The fund, Elliott Capital Management, has been engaged in a long-running legal battle with the Argentine government. It specialises in what is euphemistically termed "distressed debt" – it buys up bonds held by countries which are extremely likely to default, or which have already defaulted. As a result, it gets them for a pittance, around one fifth of face value.

The strategy from there is to refuse to accept the default. If it does not voluntarily enter into any debt-swaps, then the company can continue to claim it is rightfully owed the full amount on the bonds. If, eventually, it gets paid, a massive profit has been earned.

This tactic has led to Elliot, and other funds which operate in a similar manner, being dubbed a "vulture fund", profiting from dead or dying economies. The firm itself insists it only takes action against countries that can afford to pay, but choose not to.

The decade-long fight to recover the face value of the Argentine bonds has been carried out on a number of battlefields, from the US Courts to the World Bank (£), but the latest turn is the most nautical of them all.

The seizure, of a 100m-long tall ship staffed by 200 sailors, appears to have been planned for some time by Elliott. The FT reports (£):

Elliott had been waiting for the ship to stop in a port where it would have a chance to enforce legal judgments previously awarded by UK and US courts. The hedge fund declined to comment. . .
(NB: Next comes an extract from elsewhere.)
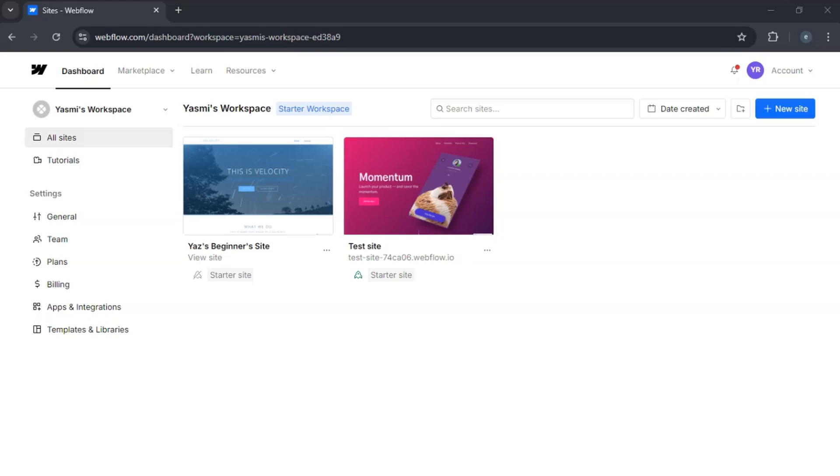Hey everyone, today I'll show you how to transfer a Webflow site to another account. This is useful if you're handing off a project to a client or maybe collaborating with someone else. Let's get started.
US and UK courts have awarded $1.6bn in claims in [Elliott's] favour, but Argentina has taken a tough line on lingering holdouts, saying there will be no further offers.

If a US court ruling from February 23 is upheld on appeal, Argentina must pay interest to Elliott before making any payment to holders of bonds issued in the 2005 and 2010 swaps. An appeals ruling has not yet been issued.
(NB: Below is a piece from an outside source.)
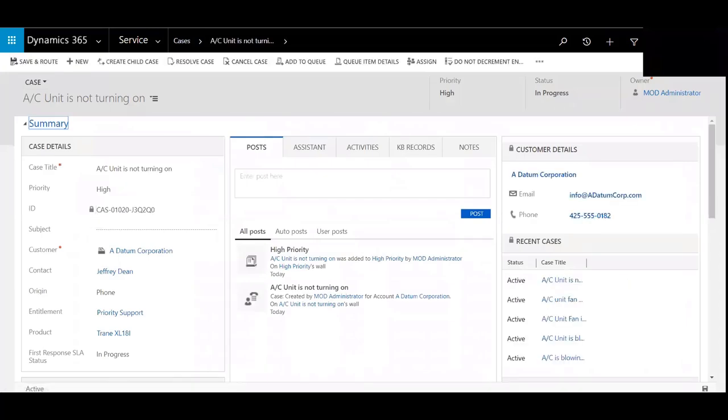Be sure to subscribe to our YouTube channel to stay alert of all the latest video releases surrounding Microsoft Dynamics 365 customer engagement.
The Libertad, which Elliott expects to be awarded ownership of, has been estimated in value at between $10m and $15m.

The vessel, a tall ship used by the Argentine Navy to train sailors and a former holder of the world speed record for a transatlantic crossing by sail, was on a graduation tour. It is free to leave the Ghanaian port of Tema if Buenos Aires posts a bond with the court, which Elliott would then also seek to recover.

In the long-run, Elliott will still rely on winning court cases to pressure the Argentine government into paying the outstanding loan in cash, rather than boats.

The ARA Libertad in better days. Photograph: Getty Images

Alex Hern is a technology reporter for the Guardian. He was formerly staff writer at the New Statesman. You should follow Alex on Twitter.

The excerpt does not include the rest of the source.